1=head1 NAME
2
3xen-tscmode - Xen TSC (time stamp counter) and timekeeping discussion
4
5=head1 OVERVIEW
6
7As of Xen 4.0, a new config option called tsc_mode may be specified
8for each domain.  The default for tsc_mode handles the vast majority
9of hardware and software environments.  This document is targeted
10for Xen users and administrators that may need to select a non-default
11tsc_mode.
12
13Proper selection of tsc_mode depends on an understanding not only of
14the guest operating system (OS), but also of the application set that will
15ever run on this guest OS.  This is because tsc_mode applies
16equally to both the OS and ALL apps that are running on this
17domain, now or in the future.
18
19Key questions to be answered for the OS and/or each application are:
20
21=over 4
22
23=item *
24
25Does the OS/app use the rdtsc instruction at all?
26(We will explain below how to determine this.)
27
28=item *
29
30At what frequency is the rdtsc instruction executed by either the OS
31or any running apps?  If the sum exceeds about 10,000 rdtsc instructions
32per second per processor, we call this a "high-TSC-frequency"
33OS/app/environment.  (This is relatively rare, and developers of OS's
34and apps that are high-TSC-frequency are usually aware of it.)
35
36=item *
37
38If the OS/app does use rdtsc, will it behave incorrectly if "time goes
39backwards" or if the frequency of the TSC suddenly changes?  If so,
40we call this a "TSC-sensitive" app or OS; otherwise it is "TSC-resilient".
41
42=back
43
44This last is the US$64,000 question as it may be very difficult
45(or, for legacy apps, even impossible) to predict all possible
46failure cases.  As a result, unless proven otherwise, any app
47that uses rdtsc must be assumed to be TSC-sensitive and, as we
48will see, this is the default starting in Xen 4.0.
49
50Xen's new tsc_mode parameter determines the circumstances under which
51the family of rdtsc instructions are executed "natively" vs emulated.
52Roughly speaking, native means rdtsc is fast but TSC-sensitive apps
53may, under unpredictable circumstances, run incorrectly; emulated means
54there is some performance degradation (unobservable in most cases),
55but TSC-sensitive apps will always run correctly.  Prior to Xen 4.0,
56all rdtsc instructions were native: "fast but potentially incorrect."

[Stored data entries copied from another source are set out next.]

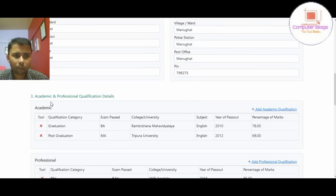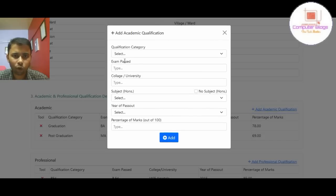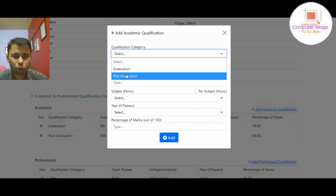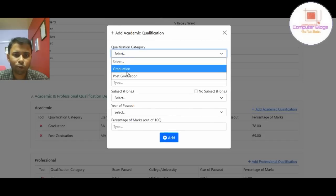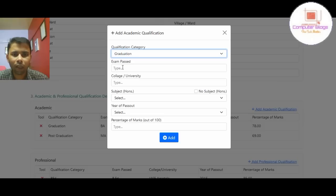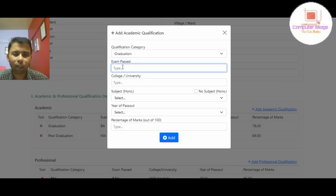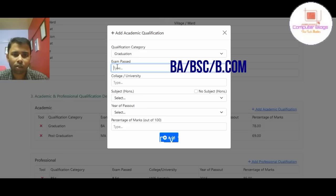We have to click on the academic and professional qualification. If you want to add academic qualification, you can select the graduation and post-credit qualification. If you want to click on the exam, you can click on the honors.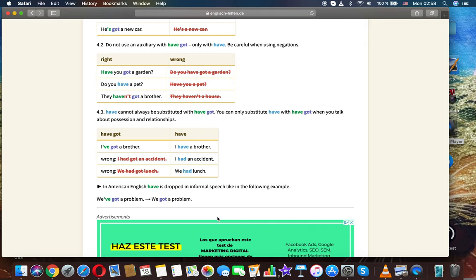Have cannot always be substituted with have got. You can only substitute have with have got when you talk about possession and relationships. I've got a brother, I have a brother - correct. I had got an accident - wrong. I had an accident - correct.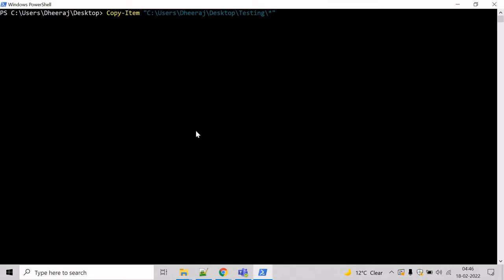Now what we have to do, we have to mention the destination where we want the copies. So we will take help of destination parameter. And let's give the destination inside the test directory. Hit enter.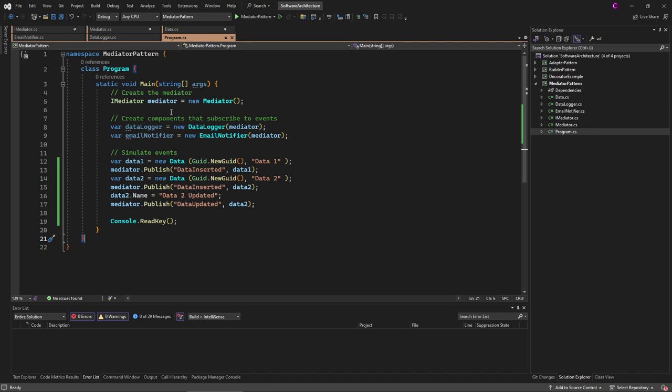So we have reduced the coupling, while in the observer pattern there is very tight coupling between subjects and observers. It also makes it harder to scale the application up because we have to add new observers or subjects to the code each time. Adding new components or changing interactions is much easier here in the mediator pattern.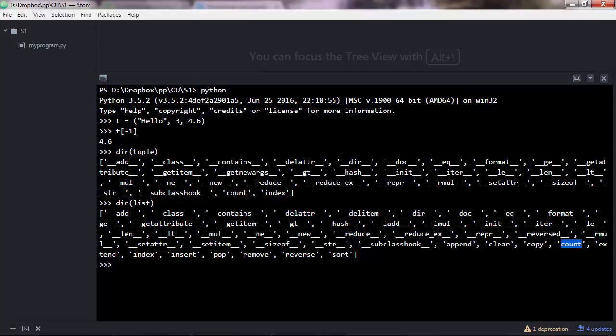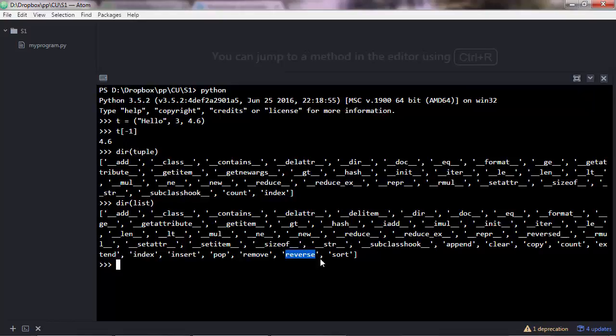As I said, tuples are immutable, so you cannot change them. That's why methods that change the data type, like inserting new values, popping out values, removing values, reversing, and sorting, are not available.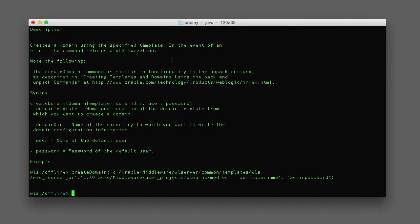When we run the configuration wizard to create a domain, the wizard uses a pre-built template as the basis for our domain. The configuration wizard then performs any customizations on top of that domain created from the default template. So if we had overwritten the default admin server port and listen address, the configuration wizard would have modified those default values in the template and then deployed the template.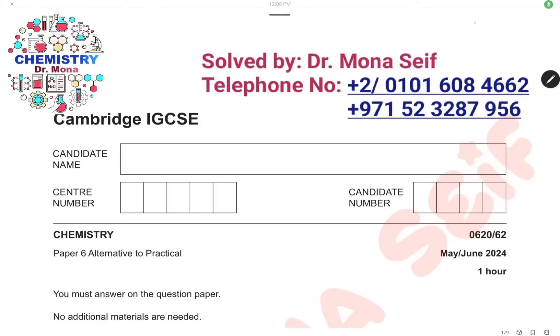Assalamu alaikum wa rahmatullah. Today inshallah we're going to solve the Cambridge exam May-June 2024, paper 62. Let's start.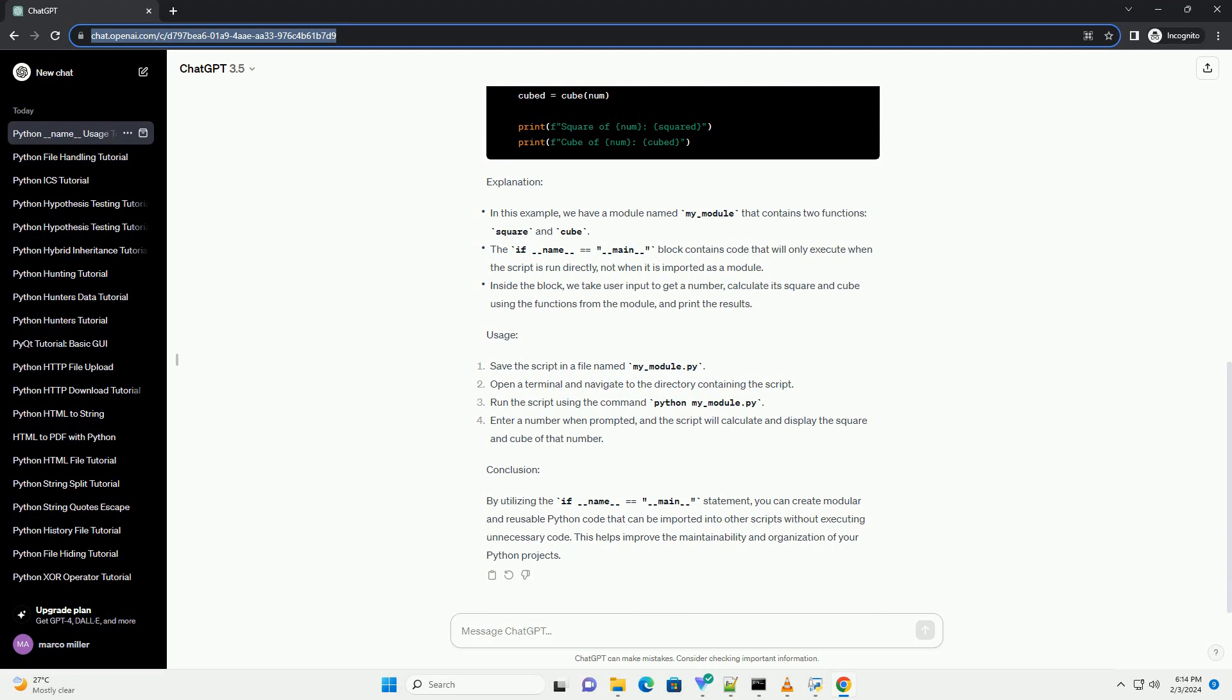Example: Let's create a simple Python script to illustrate the use of if __name__ == __main__.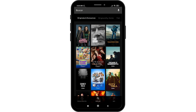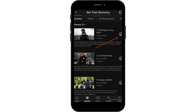Once you find the movie or show that you wish to download, click on it. If you want to download a show, you can download the entire show or a particular episode of it as well. You will see a downward arrow — all you have to do is click on it.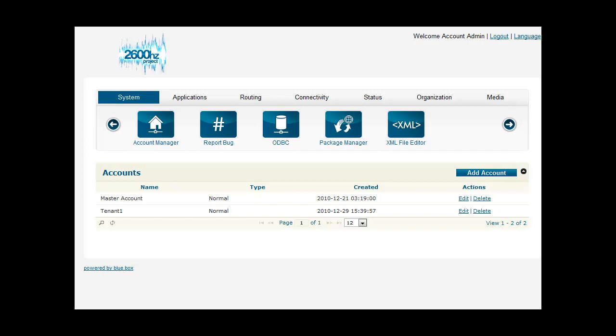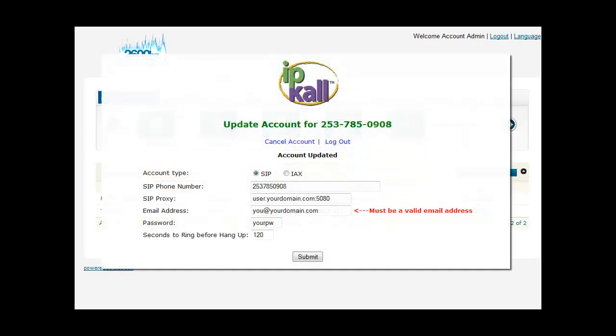When you set up your IP Call DID, you need to make sure and send the calls to port 5080. FreeSwitch uses port 5080, not 5060 like asterisk.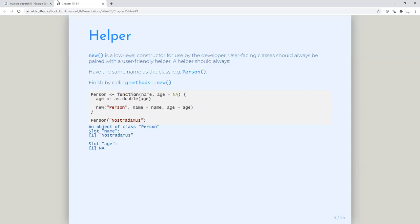Your constructor here would have the same name as the class — so if the class is person, the constructor would be person. You would define this within your class and make a call to new there. That way, the person implementing the class does not have to say new — they would just say person, then pass in the name and the age. It does exactly what you saw earlier: it's of class person, there is no age, and the name is what you provided. So this is a helper constructor function.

57Starting at Xen 4.0, the default is that all rdtsc instructions are
58"correct but potentially slow".  The tsc_mode parameter in 4.0 provides
59an intelligent default but allows system administrator's to adjust
60how rdtsc instructions are executed differently for different domains.
61
62The non-default choices for tsc_mode are:
63
64=over 4
65
66=item * B<tsc_mode=1> (always emulate).
67
68All rdtsc instructions are emulated; this is the best choice when
69TSC-sensitive apps are running and it is necessary to understand
70worst-case performance degradation for a specific hardware environment.
71
72=item * B<tsc_mode=2> (never emulate).
73
74This is the same as prior to Xen 4.0 and is the best choice if it
75is certain that all apps running in this VM are TSC-resilient and
76highest performance is required.
77
78=item * B<tsc_mode=3> (PVRDTSCP).
79
80This mode has been removed.
81
82=back
83
84If tsc_mode is left unspecified (or set to B<tsc_mode=0>), a hybrid
85algorithm is utilized to ensure correctness while providing the
86best performance possible given:
87
88=over 4
89
90=item *
91
92the requirement of correctness,
93
94=item *
95
96the underlying hardware, and
97
98=item *
99
100whether or not the VM has been saved/restored/migrated
101
102=back
103
104To understand this in more detail, the rest of this document must
105be read.
106
107=head1 DETERMINING RDTSC FREQUENCY
108
109To determine the frequency of rdtsc instructions that are emulated,
110an "xl" command can be used by a privileged user of domain0.  The
111command:
112
113    # xl debug-key s; xl dmesg | tail
114
115provides information about TSC usage in each domain where TSC
116emulation is currently enabled.
117
118=head1 TSC HISTORY
119
120To understand tsc_mode completely, some background on TSC is required:
121
122The x86 "timestamp counter", or TSC, is a 64-bit register on each
123processor that increases monotonically.  Historically, TSC incremented
124every processor cycle, but on recent processors, it increases
125at a constant rate even if the processor changes frequency (for example,
126to reduce processor power usage).  TSC is known by x86 programmers
127as the fastest, highest-precision measurement of the passage of time
128so it is often used as a foundation for performance monitoring.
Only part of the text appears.